Sur la place, côté Hôtel de Ville, les "Facteurs d'Amour", compagnie tournaisienne, sont en représentation: Douze comédiens prennent des airs de géants avec un aplomb inhabituel, offrant une parodie de leurs vrais grands frères, héros incontestés et incontestables de nos "ducasses", ceux- là même qui culminent tout au sommet de notre folklore régional. Entre les différentes haltes, les bras ballants, puis par des cocasseries soudaines sur des musiques improvisées, ils vont jusqu'à s'enhardir à quelques pas de danses, agrémentés de baisers frontaux.

Un nombreux public, l'air enchanté, suit leurs élucubrations et déambule au pas de ces "poupées".

Je me dirige vers un autre spectacle où l'avantage d'être assez grand me permet, de derrière une très nombreuse assistance, de voir évoluer des acrobates.                                            L'heure avance vite et il est maintenant temps pour moi de rejoindre notre lieu de rendez-vous. 

Et oui, en ce "Jour Saint", j'espère un signe, quel qu'il soit!

Rose sait, je n'en doute point, que j'irai m'asseoir sur "notre" banc et que très fort, lors de ce rendez-vous, je me sentirai au plus près d'elle et elle de moi ... enfin je l'espère de tout mon être.

Je quitte la place par le chemin prévu mais je me retrouve directement bloqué derrière de nombreux badauds, spectateurs amusés des "géants" qui, eux aussi, remontent maintenant vers l'esplanade.                                                                                                                                  Zut alors!                                                                                                                                     

J'essaie de passer mais d'évidence, il me faut prendre mon mal en patience car la foule occupe l'entièreté de la largeur de la voierie et ce y compris les trottoirs pas très larges, il est vrai. Soudain, tout ce petit monde s'arrête net à la hauteur de la terrasse de la petite brasserie installée en haut de la rue, à quelques mètres à peine du coin débouchant sur l'esplanade. Là, une "géante" s'amuse à boire et même à vider le verre d'une consommatrice confortablement installée. Les gents rient de plus belle! Par une trouée entre les tables montées sur tréteaux, je me faufile et parviens à dépasser tout ce petit monde ... je vais, enfin, pouvoir rejoindre mon havre d'espérance et d'amour ...

C'est alors, qu'à ce moment très précis, la troupe des comédiens entonne la chanson Rose-Marie (air majeur de notre folklore local), non, ils ne la chantent pas vraiment, ils la fredonnent simplement et c'en est d'autant plus émouvant.

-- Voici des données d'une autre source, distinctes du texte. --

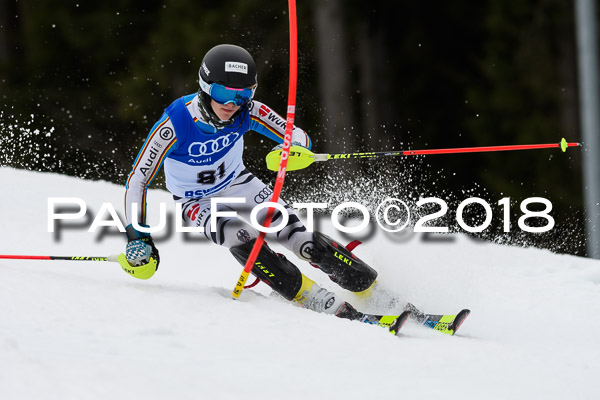 Bayerische Schülermeisterschaft Slalom 28.01.2018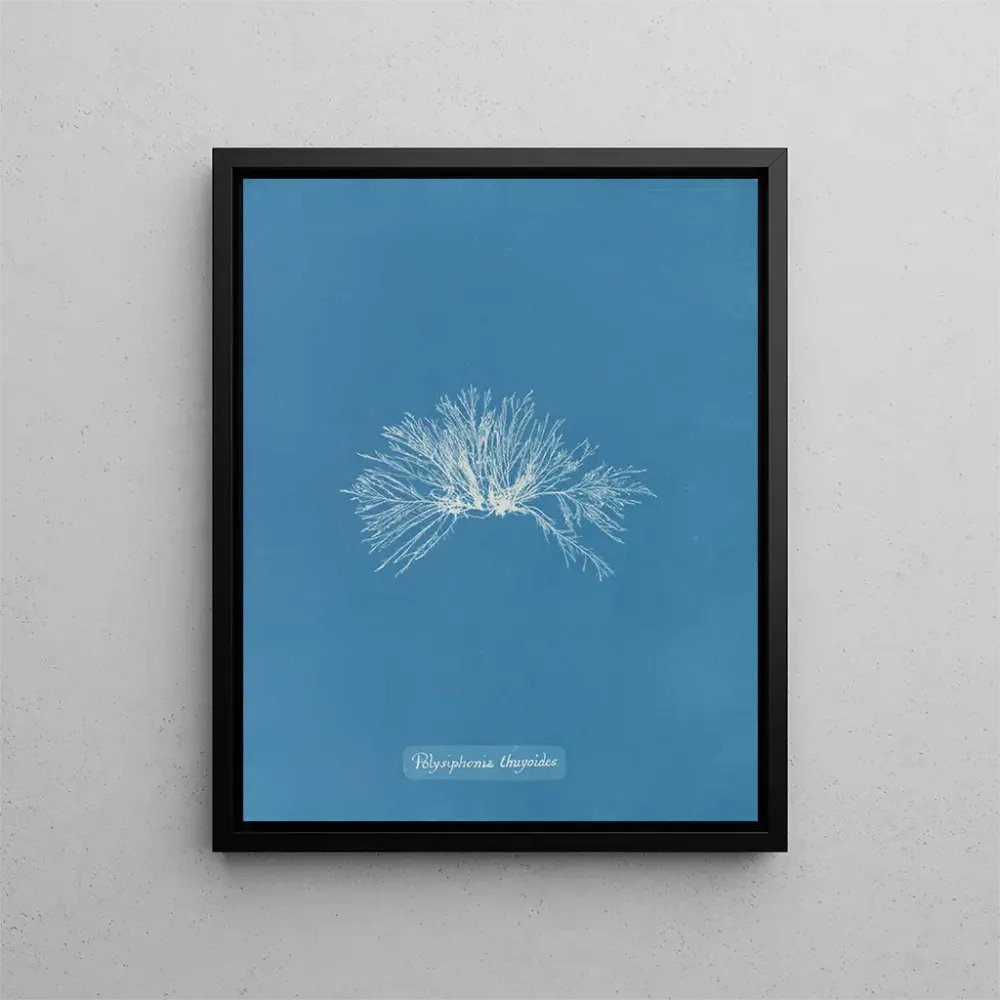 Maalaus Polysiphonia thuyoides - Anna Atkins | Taidetuloste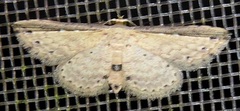 Cyclophora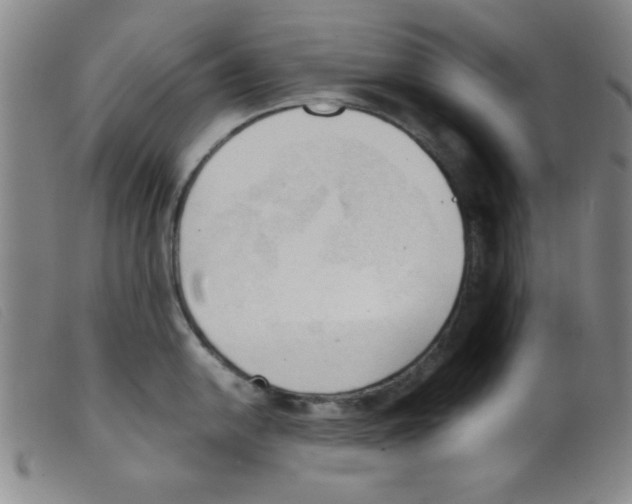 X0000098191054200805221512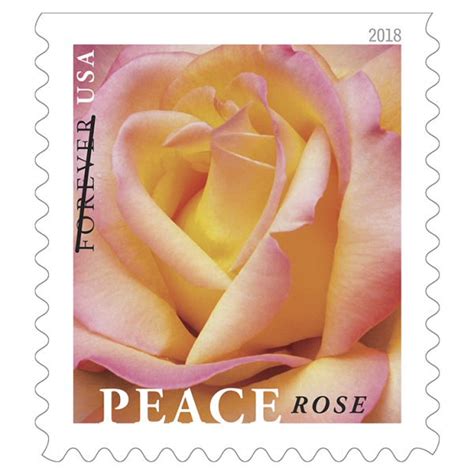 USPS Peace Rose Forever Stamp - Twenty First-Class Forever Stamps ...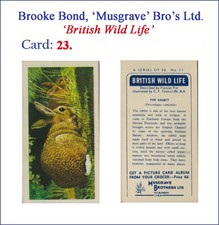 Brooke Bond, 'MUSGRAVE Bro's Ltd. Single Card, 'British Wild Life'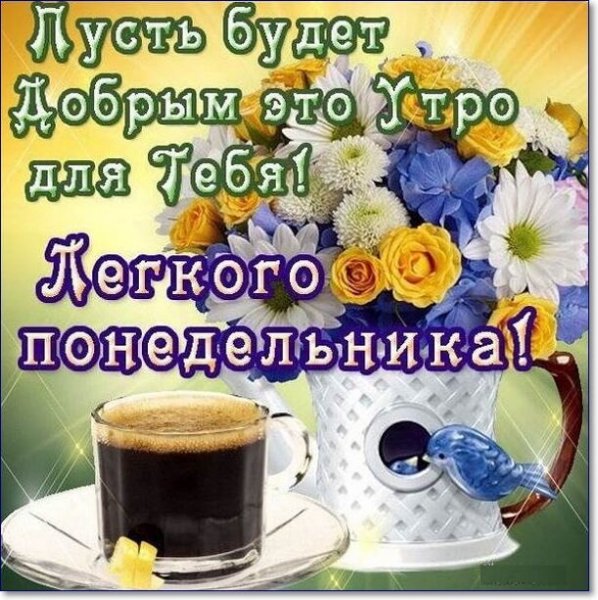 С добрым утро понкдкльника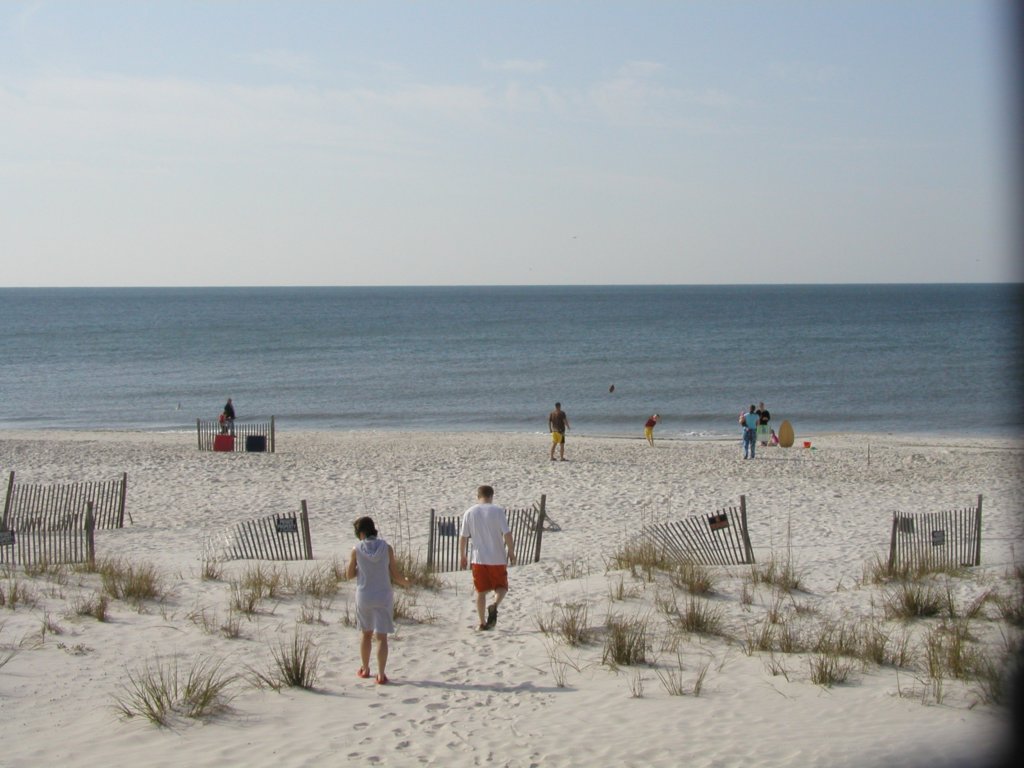 gulfshores20080005.jpg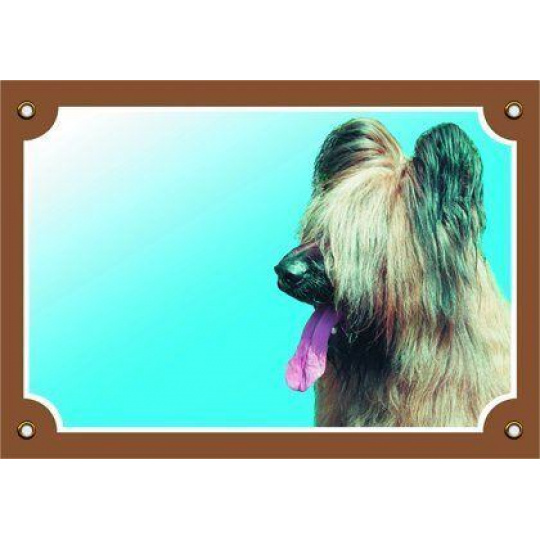 Farebná ceduľka Pozor pes, Briard svetlý Farebná ceduľka Pozor pes, Briard svetlý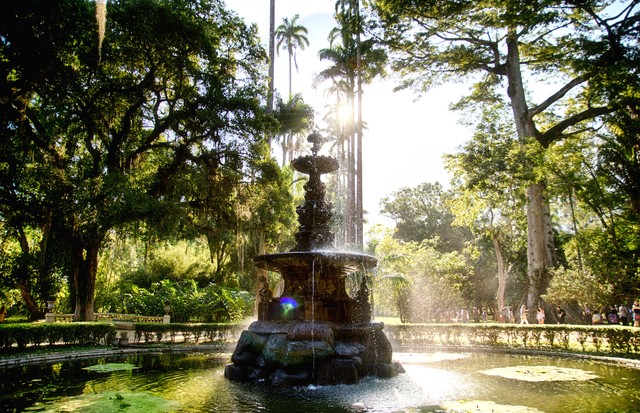 Fountain in Botanical Garden, Rio de Janeiro, Brazil (Foto: Getty Images)
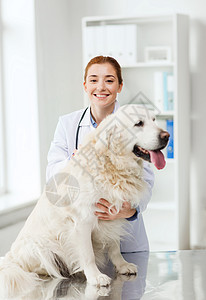 医学,宠物,动物,保健人的快乐的兽医医生与黄金猎犬兽医诊所图片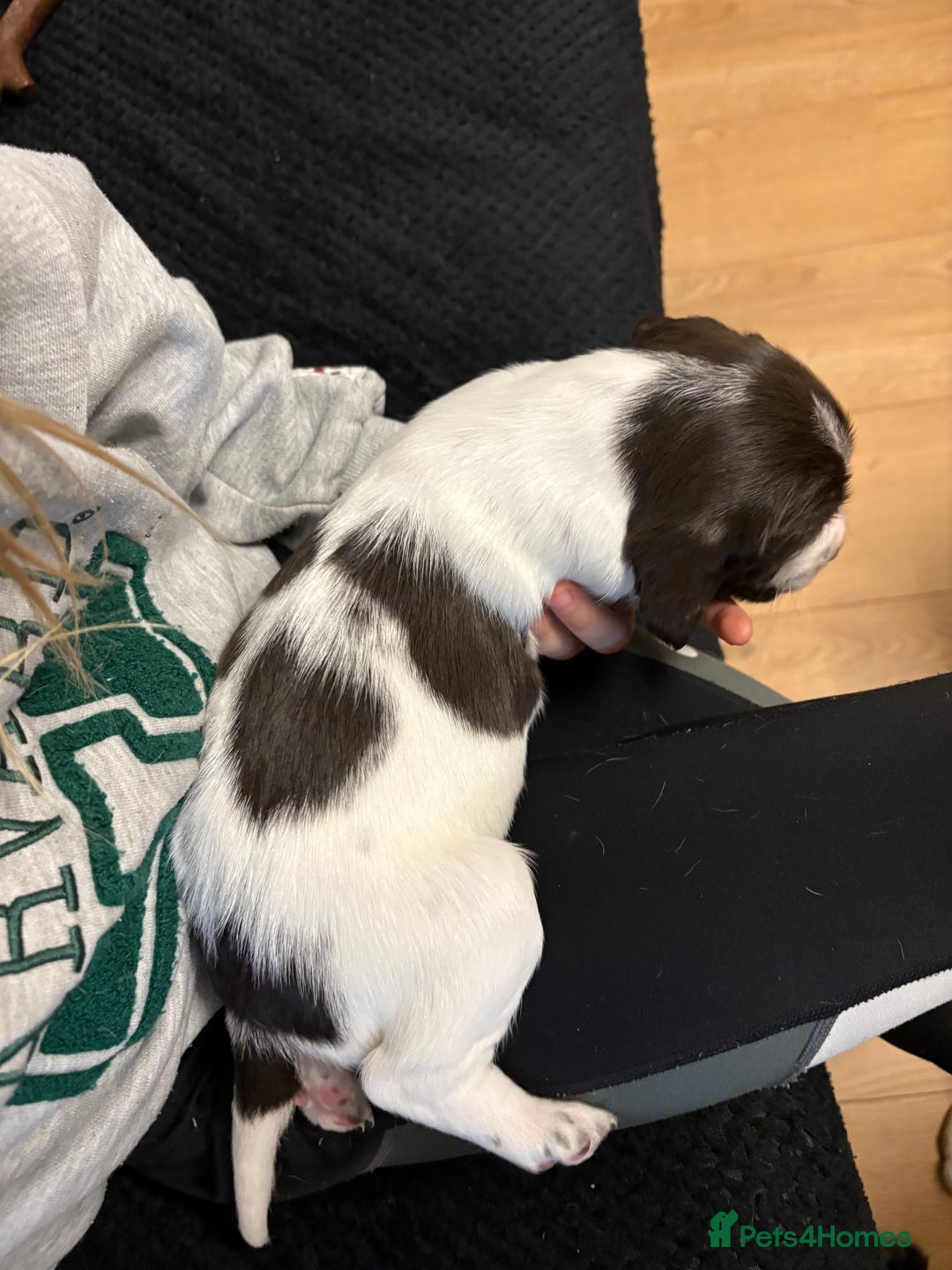 Mixed Breed dogs for sale: Sprockers cross  - Image 12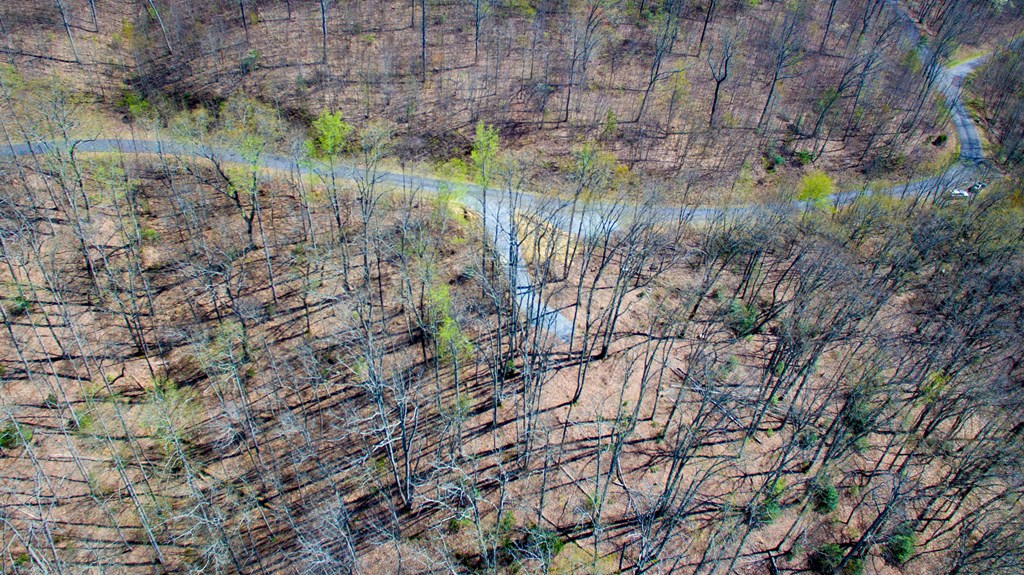 17M Ridges Overlook #17M, HAYESVILLE, North Carolina image 19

Moment magique, cadeau merveilleux!

Pourquoi devrais-je douter de l'origine de ce signe merveilleux qui m'a été, je n'en doute pas un instant, particulièrement adressé. Nous étions là des dizaines, voire des centaines, à cet endroit et à ce moment précis.

Le "hasard" aurait choisi de me faire entendre cette chanson alors que je me dégageais enfin de cette troupe pour te retrouver à quelques pas seulement, sur notre banc alors si proche. Non, pas le hasard ...

Je m'éloigne les yeux embués par l'émotion, un sourire sur les lèvres et le cœur empli d'amour pour toi.

Mieux encore, malgré le monde toujours présent, malgré la foule qui déambule encore sur l'esplanade, "notre" banc est là, vide, n'attendant que moi ... que nous!